En DVD, le Cosi courbe et dansant de Keersmaeker
Tandis qu’à l’Opéra national de Paris reprend cette rentrée le Cosi fan tutte créé la saison dernière par la chorégraphe belge Anne Teresa de Keersmaeker au Palais Garnier, Arthaus Musik sort le dvd de cette expérience singulière et passionnante.
Chez Keersmaeker, la danse est musique tant la chorégraphe développe des liens étroits avec tous les styles, de Bach (Partita) à Steeve Reich (Rain, Drumming) qu’elle respire par le mouvement. En acceptant de mettre en scène Cosi fan tutte de Mozart, dernier opus de la trilogie Da Ponte, ATDK relevait un défi de taille qui faisant montre d’autant d’audace que d’exigence. Une finesse d’analyse caractérise aussi bien la lecture qu’elle fait de l’œuvre que sa direction des interprètes.

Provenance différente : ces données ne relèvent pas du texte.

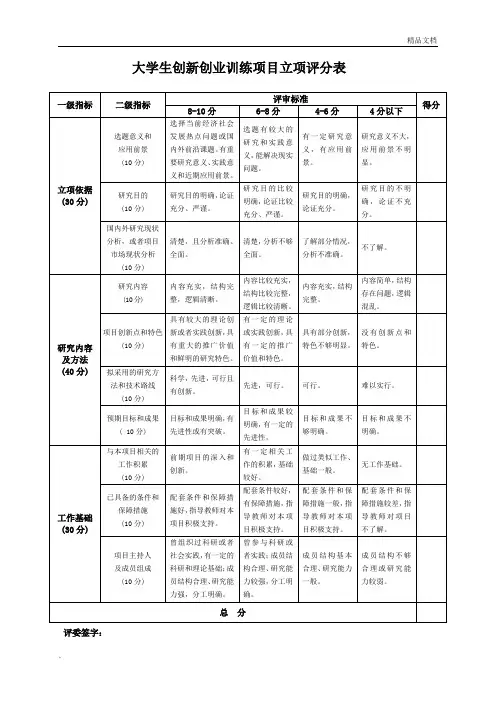 大学生创新创业训练计划项目评分表 2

Alors qu’elle se refuse catégoriquement de mettre en scène de manière illustrative ou littérale l’opéra plutôt tiré du côté de l’abstraction minimaliste, tout dans son geste atteste d’une compréhension totale du livret et d’une écoute absolue de la musique. Mêlant intelligence et sensibilité, elle signe un spectacle fidèle à son vocabulaire. Ainsi, on découvre au sol d’une scénographie immaculée et aérée, l’habituel traçage de cercles enchâssés les uns dans les autres formant une multiplicité de courbes comme autant de trajets à emprunter par des protagonistes dédoublés. Chanteurs et danseurs, voix et corps se rejoignent et n’échappent à l’errance vertigineuse des sentiments incertains. La réalisation suit avec mobilité le déchaînement sensuel et instable des personnages mozartiens, pris dans les méandres de la confusion des sentiments.
Une brillante troupe composée de jeunes chanteurs très à l’avenant et des fidèles danseurs de la compagnie Rosas s’adonnent aux chassés-croisés parfois frénétiques, parfois plus las, de Kersmaeker. Ils restituent aussi bien la légèreté que la gravité de l’œuvre décidément inclassable. Ainsi, Ginger Costa-Jackson assure avec panache le caractère bouffe et rebelle de Despina, la servante survoltée. Une Dorabella partagée entre la pimpante Michele Losier et la danseuse Samantha Van Wissen aux géniaux mouvements de bassin et spasmes électriques, fait duo avec la lumineuse Fiordiligi de Jacquelyn Wagner et Cynthia Loemij. Côté garçons, on retient la juvénilité séduisante du bondissant Philippe Sly tandis que Frédéric Antoun se montre plus tendu et Paulo Szot assez effacé mais très en voix. Philippe Jordan dirige un orchestre enlevé, parfois trop rapide pour laisser ce déployer la fine mélancolie de l’œuvre, mais il donne, après de ternes Noces, un Mozart pétillent et vivant.